- Education: Pomona College (BA) New York University (MA)
- Occupation: Journalist
- Known for: The Atlantic

= Conor Friedersdorf =

American journalist

Conor Renier Friedersdorf is an American journalist and a staff writer at The Atlantic.

== Early life and career ==
He attended Pomona College as an undergraduate, and attended the journalism school at New York University on a scholarship. After graduation from college, Friedersdorf worked for the Inland Valley Daily Bulletin. He began writing for The Atlantic in November 2009. He was an intern for The Daily Dish blog, and in 2010 was hired as senior editor and "underblogger" to Andrew Sullivan. Friedersdorf compiles on a regular basis The Best of Journalism list, which is a curated list of news articles and investigative report, that he disseminates through a newsletter.

== Views ==
In an interview with journalist Matt Lewis, Friedersdorf stated that he has right-leaning views, but that he does not consider himself to be a doctrinal conservative, nor a member of the conservative movement. Writing for The Atlantic, Friedersdorf said that he refused to vote for Barack Obama in 2012 and was supporting Gary Johnson in his bid for president as the Libertarian Party candidate.

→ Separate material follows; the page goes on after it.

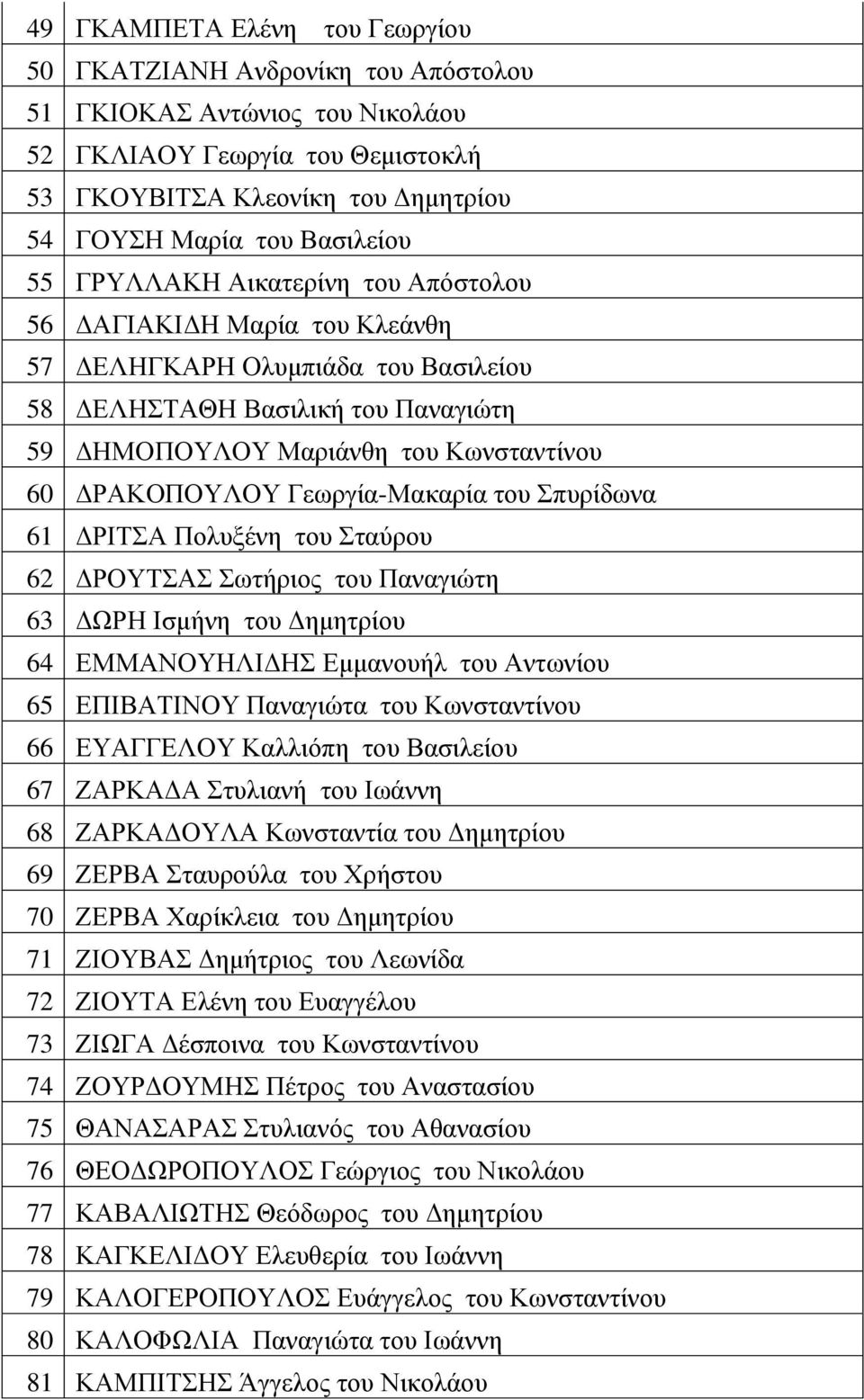 Γεσξγία-Μαθαξία ηνπ ππξίδσλα 61 ΓΡΗΣΑ Πνιπμέλε ηνπ ηαύξνπ 62 ΓΡΟΤΣΑ σηήξηνο ηνπ Παλαγηώηε 63 ΓΧΡΖ Ηζκήλε ηνπ Γεκεηξίνπ 64 ΔΜΜΑΝΟΤΖΛΗΓΖ Eκκαλνπήι ηνπ Αλησλίνπ 65 ΔΠΗΒΑΣΗΝΟΤ Παλαγηώηα ηνπ Κσλζηαληίλνπ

Friedersdorf has written articles calling for the abolition of U.S. Immigration and Customs Enforcement and for protecting the right to protest on the Statue of Liberty. He has praised Peggy McIntosh's essay "White Privilege: Unpacking the Invisible Knapsack", saying he would encourage its study in college curriculums.

== Personal life ==
Friedersdorf grew up in Orange County, California. As of 2018, he lives in Venice, Los Angeles. Two of his grandparents were French Cajuns.